The Raspberry Pi is a surprisingly powerful all-purpose compact computer which, like a PC, has keyboard and mouse input and output to a video screen but unlike a PC, also has a physical input / output port just as the BBC B did. So if you envisage making projects with human-friendly user interfaces which can also interact with physical hardware, the Raspberry Pi may be for you. It uses a version of the Linux operating system, which in most cases people probably aren't familiar with before they encounter the Pi and so you would probably be learning about Linux at the same time as you are learning about the Pi. The basic machine comes essentially not working out of the box - you have to flash an SD card (not supplied) with your operating system of choice before the machine will do anything. You can buy kits consisting of a Pi plus a ready prepared SD card and these are usually good value, but don't always have the latest version of the operating system on them. Finally, for initial setup and for most practical use you will need access to a display or TV with an HDMI input. The Pi can output a standard definition picture over composite video, but the definition / readability is quite poor. Nor do you get a nice fat user manual / programming tutorial book with the Pi as you would have done with any eighties computer, so the learning curve in the beginning might seem very daunting.

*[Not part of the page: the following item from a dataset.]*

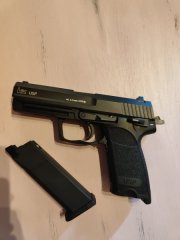 Heckler & Koch USP CO2 4,5 mm Blowback + NEUES 50€ Magazin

Having said all that, and sounded somewhat negative about them, I own four of the things myself.

The Micro:Bit was designed to be handed out to school kids to encourage them to experiment with coding. As such it is very simple to use and its implementation of the Python language includes some powerful short cut functions to make the hardware easy to interact with, so, for example, you can create a scrolling text message on the LED grid display with just two lines of Python (For Micro:Bit) code.

My personal recommendation, however, would be to try an Arduino - available in various sub-models, the most popular of which is probably the Arduino Uno. Like the Micro:Bit this is a programmable microprocessor board rather than a 'computer' but it comes with a whole host of prepared 'libraries' of code which make it very easy to do some otherwise fairly complicated things, like outputting text to an Alphanumeric LCD display or interacting with a serial-connected temperature sensor. By making use of such functions in your code, you can go from having an idea to having something up and running really very quickly. In the case of Arduino the primary programming language is 'C' rather than Python. In my opinion 'C' tends to be less easily human-readable than Python or BASIC, but everything else about the Arduino experience makes it worth mastering. Another point in favour of Arduino is the vast number of add on interfaces (or 'Shields', in Arduino speak) which are available, which can allow an Arduino to interface with almost anything. Even without these, the standard Arduino has a good mixture of analogue inputs and digital inputs and outputs for interacting with and controlling other devices.

One option I didn't include was that of learning to program microcontrollers such as the PIC or AVR series directly in assembly language - this option undoubtedly gives you the best understanding of how microprocessors work and gives you absolute control over every aspect of the microprocessor's operation, but if you just want to write some code and see complicated things happening relatively quickly, then I think Arduino is a better place for most people to start.